> **Data**
----------------------------------------

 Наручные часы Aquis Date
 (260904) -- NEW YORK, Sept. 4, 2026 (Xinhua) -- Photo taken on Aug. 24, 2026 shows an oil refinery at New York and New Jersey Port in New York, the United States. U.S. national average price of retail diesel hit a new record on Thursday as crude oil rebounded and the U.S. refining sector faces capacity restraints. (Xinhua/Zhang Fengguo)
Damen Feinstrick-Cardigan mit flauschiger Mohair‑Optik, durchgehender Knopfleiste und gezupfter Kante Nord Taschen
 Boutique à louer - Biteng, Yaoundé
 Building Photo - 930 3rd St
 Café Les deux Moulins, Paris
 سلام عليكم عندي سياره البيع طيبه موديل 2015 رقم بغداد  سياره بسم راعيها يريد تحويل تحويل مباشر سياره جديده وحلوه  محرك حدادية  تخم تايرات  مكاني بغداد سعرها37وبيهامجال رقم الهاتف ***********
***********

----------------------------------------

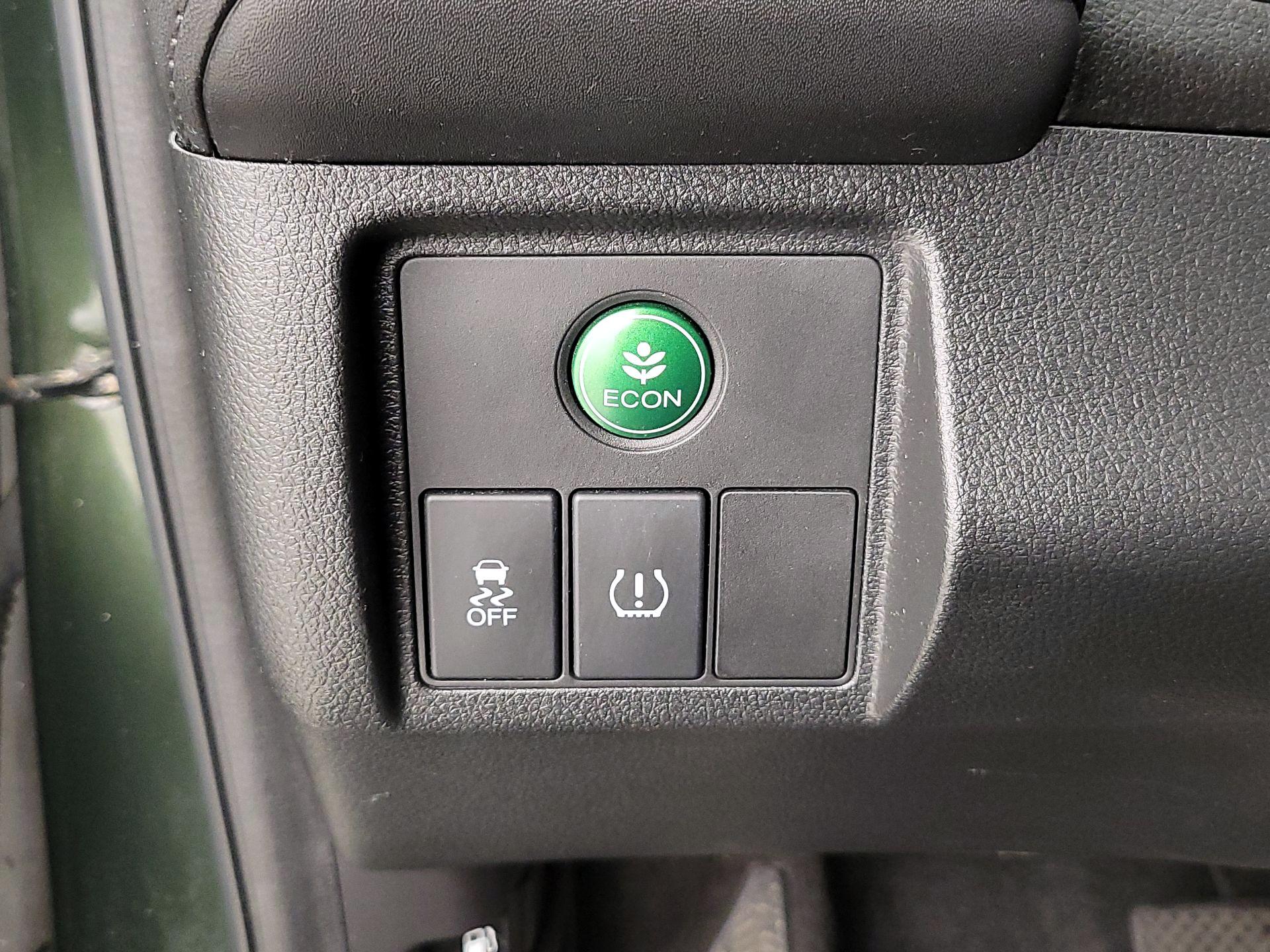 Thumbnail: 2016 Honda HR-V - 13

----------------------------------------

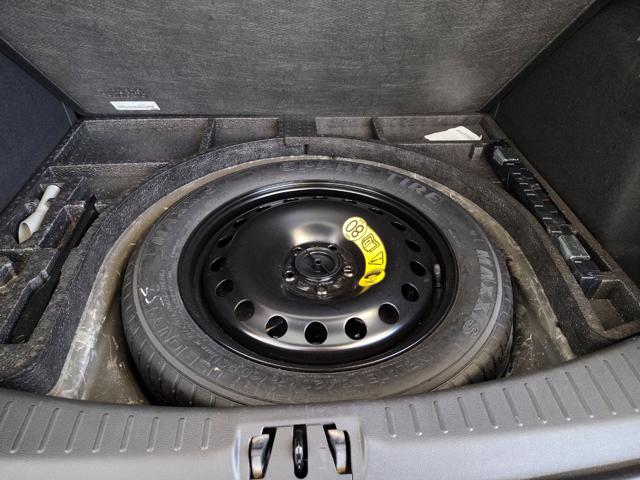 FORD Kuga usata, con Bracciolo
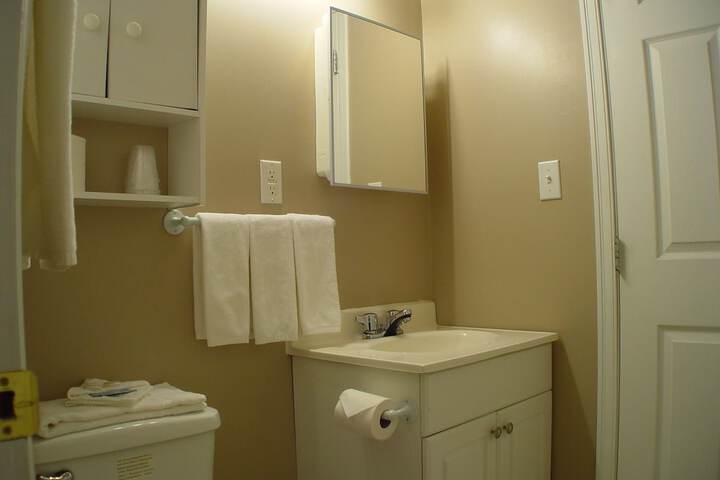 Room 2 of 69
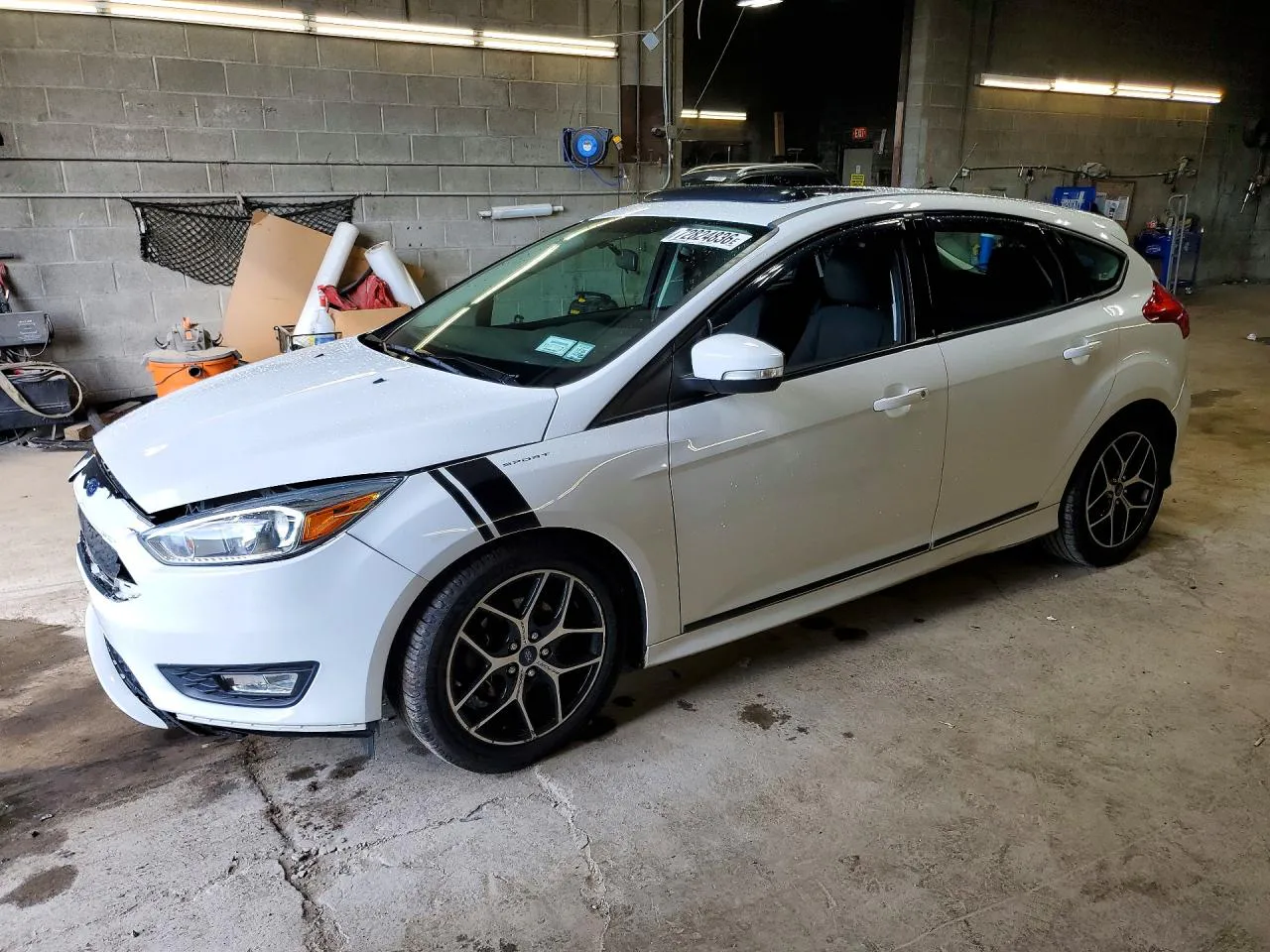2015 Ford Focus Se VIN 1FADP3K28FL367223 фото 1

----------------------------------------

> **Exercise description**
Among the entries above, copy exactly the stretch from the line holding "Room 2 of 69" through the line holding "2015 Ford Focus", leaving out any pictures.

> **Task output**
 Room 2 of 69
2015 Ford Focus Se VIN 1FADP3K28FL367223 фото 1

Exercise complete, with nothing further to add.